Kelly sat back down. “But the irony about this whole mixed up case is that you were right — you hit the nail right on the head! What the fuck? We did medical background checks on the victims, and, just like you said, they all had the same endocrinologist. And yes, the killer, Miranda Oberstein — isn’t that a helluva name? — put the moves on them while they were sitting in the doctor’s waiting area. And, I can’t believe I’m saying this, all had trouble getting their dicks up — every fucking one!
“Now,
about our murderer: She used to live in San Francisco, and before she left, there were a number of similar unexplained killings. After we arrested her, she confessed to all the crimes without the slightest bit of remorse. Seems her father was an alcoholic who beat the shit out of her at least once a week while she was growing up. And — get this — she then married an alcoholic who did the same thing. After divorcing him, he was her first victim.
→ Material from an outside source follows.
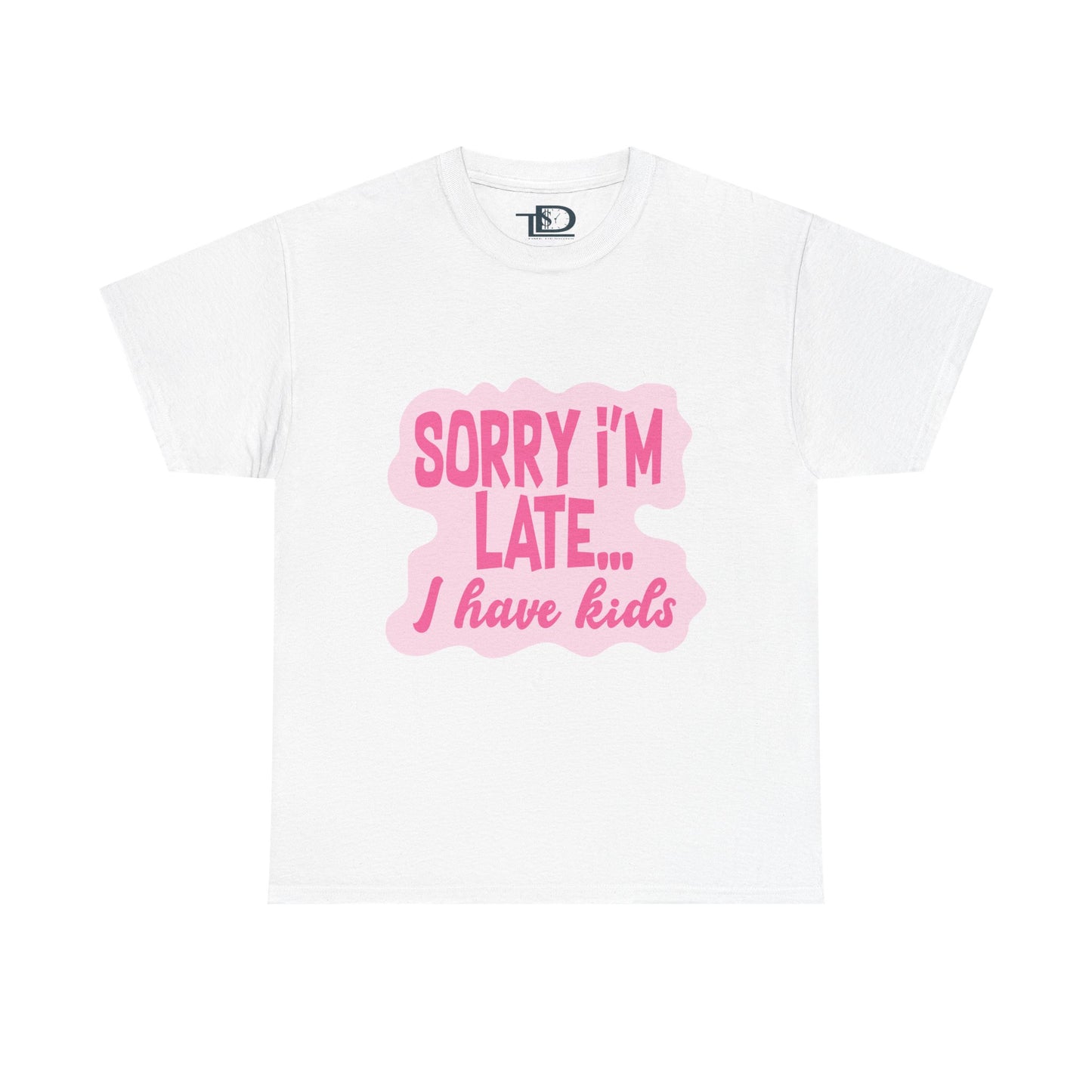 Funny Unisex Heavy Cotton Tee - 'Sorry I’m Late... I Have Kids'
“You can’t help but feel bad for her, but the truth is she is one sick lady — she’ll never go to jail, but she’ll be in the nuthouse for the rest of her life.”
Kelly shook his finger at him. “Okay, Hawk, time to fess up. Are you psychic? Have you been using the fucking psychic hot line?”
Daniel laughed. “No — let’s just say I have a way of putting two and two together.”
Chief Kelly stared at him, doubt in his eyes. “It’s more than that. You see things that no one else can, and it turns out you’re right — always! You haven’t missed a case since you’ve been here — how long has it been?”
“Three months,” Daniel answered.
“Commissioner Walsh has you on a par with buttered bread. If you weren’t so damn good in the field you’d probably be taking my spot, and I’ve been in this position over twenty years!”
“Chief, you don’t have anything to worry about. As a matter of fact, I’ve been thinking about —”
“Hawk, stuff it for a sec. I didn’t have you come here on a Saturday morning just to tell you how wonderful you are. There’s something that’s come up — an international deal — and I’ve got strict orders to give it to you. Your country needs you.”
“Me?”
“Yep — you. We have to send our best man to handle this one, and as much as I hate to say it, I’m afraid you’re the guy.”
“What’s going on?”
“How’s your geography, Hawk?”
“Not bad, why?”
“Have you ever heard of Easter Island?”
“Of course. Isn’t that the place way out in the middle of nowhere with all the statues?”